The new Leica M: I'm in.
A few months back, after several years of love/hate (mostly love) I sold my M9 but, not being a total fool, I kept my lovely lenses. In my experience you never lose money on M glass, and often make nearly enough to subsidise your camera body habit. So, having shot with digital M since the first day of availability of the M8 I found myself with no body on which to use my finest (but by no means only, trust me) collection of glass. Unless of course you count the various NEX and MFT bodies, on which M glass sits like ermine on a pauper, with results about as convincing.
My main reason for 'getting out' was simple. I could live with many of the things that drove other people bonkers (the terrible screen, the slow, buggy performance, the poor performance at high ISO) but I absolutely could NOT live with the constant 'drift' that affected the relationship between the bodies and the lenses. Nor, when this eventual mis-calibration set in, could I deal with the round-tripping to Solms.
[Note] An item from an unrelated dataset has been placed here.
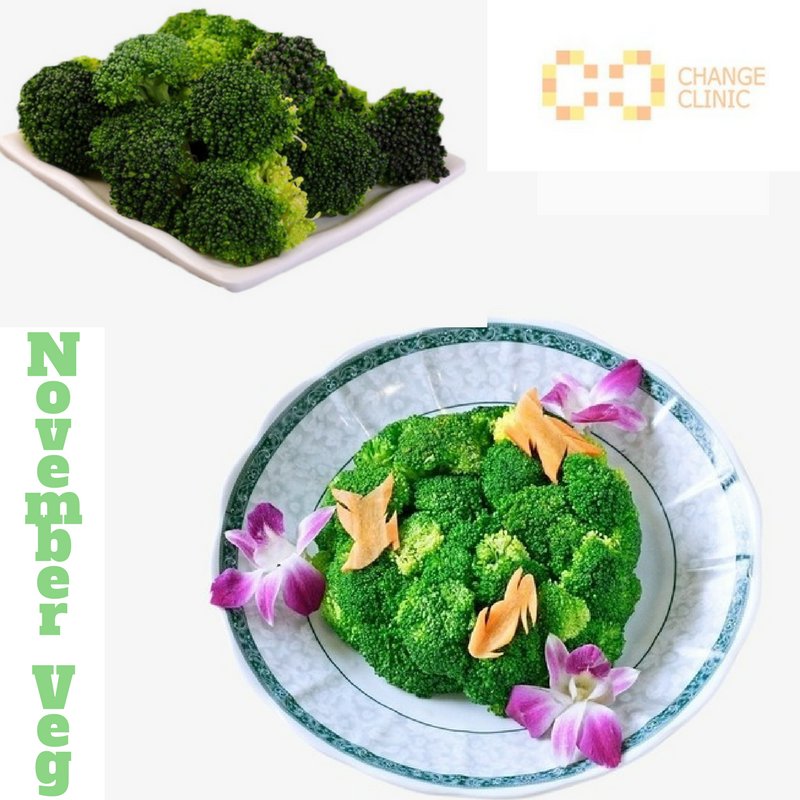 changeclinickr's tweet photo. November is the season of #broccoli. 
For health consciousness visit: https://t.co/iBDB37RzbE https://t.co/XM13KxcUAN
No: I was selling the M9 and all my Phase One gear and consolidating into the marvellous Nikon D800.
Which has spent a great deal of time being round-tripped to Nikon service. Only, unlike Solms, when it gets back from Richmond it rarely feels fixed.
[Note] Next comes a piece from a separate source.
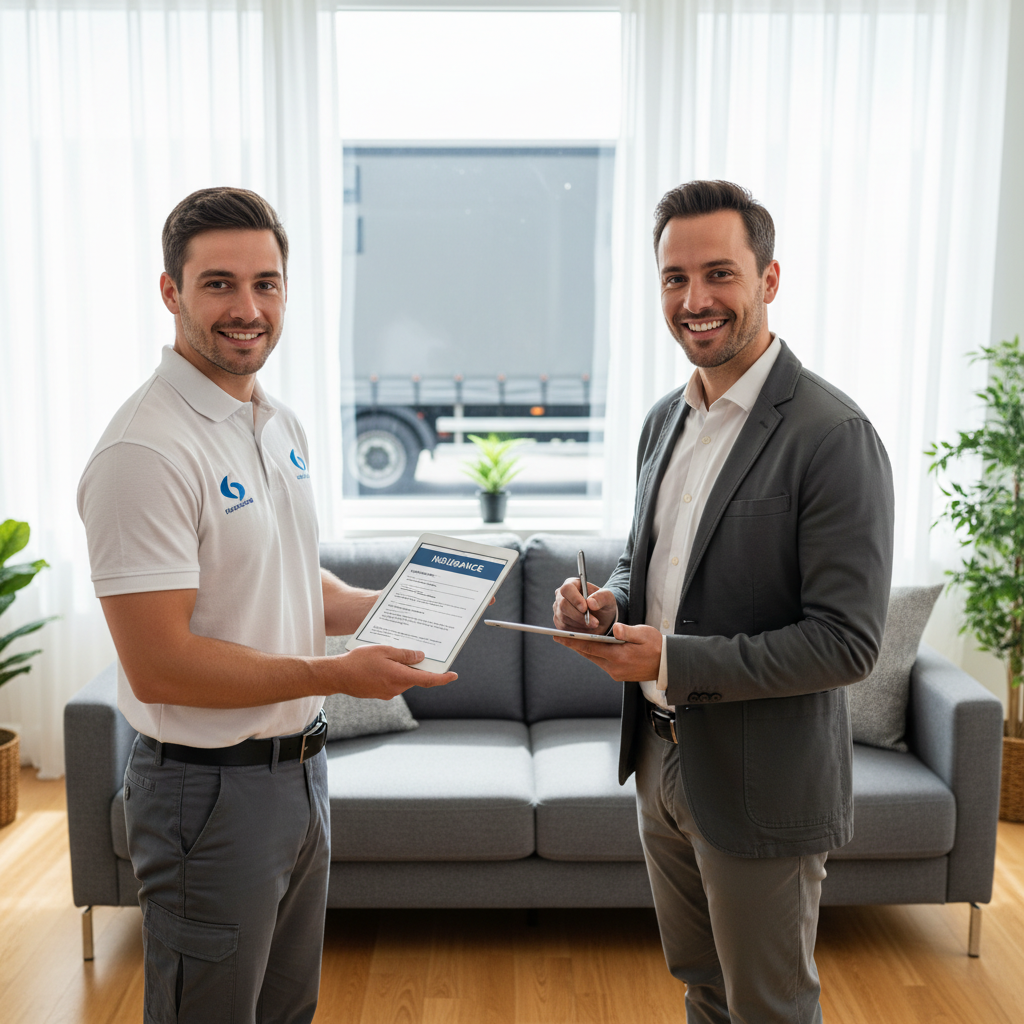 przewóz kanapy Warszawa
Also, having done two foreign trips with the Nikon gear I am starting to re-realise something I've known for a long time: zooms are in general more convenient than effective and I find myself gravitating back to primes. In which case... on a Nikon that often means Zeiss. And if you're paying for Zeiss you might as well have Leica.
Another thing: if I look back over any of the series I shot with the Leica gear, there is a certain je ne sais quoi to the images and I miss it. There's a glimmer of it when I mount a Noctilux or 50 Lux on a NEX 7 (at least in the central portion of the image!) but it really isn't much more than a glimmer. Of course, there's a risk that the switch from CCD to CMOS might break the spell, but I don't think Leica would do that. I don't trust them to get the video right but I do trust them to get the feel of the files right. Famous last words? Let's give them the benefit of the doubt: they have chosen 'minority report' sensors before and managed to retain 'the look'.
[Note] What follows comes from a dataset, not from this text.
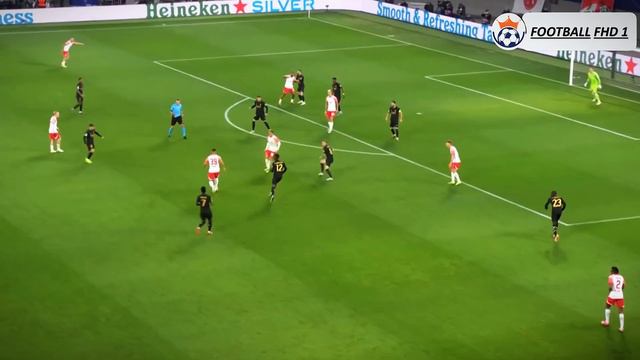 Match summary (Real Madrid 🇪🇦 vs Leipzig 🇩🇪)⚡ Brahim Diaz shines🔥UEFA Champions League 🤯 смотреть онлайн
So. The Nikon (if I can ever get one that focusses as advertised) will end up as a studio camera, an action camera and a landscape camera for when I really need ultimate extra resolution or perspective control lenses. And given that there still isn't a MFT camera that really does great image quality (I had high hopes for the GH3 but it turns out to be a video camera) that leaves NEX and Leica. NEX can't use Leica glass convincingly and with very few exceptions, most of the E mount glass is miserable. Which brings us back to...
The M. On which subject, why are Leica 'doing an Apple'? I mean really, all this dropping of model designations á la iPad, and great dramatic launch events. It's not your style, drop it.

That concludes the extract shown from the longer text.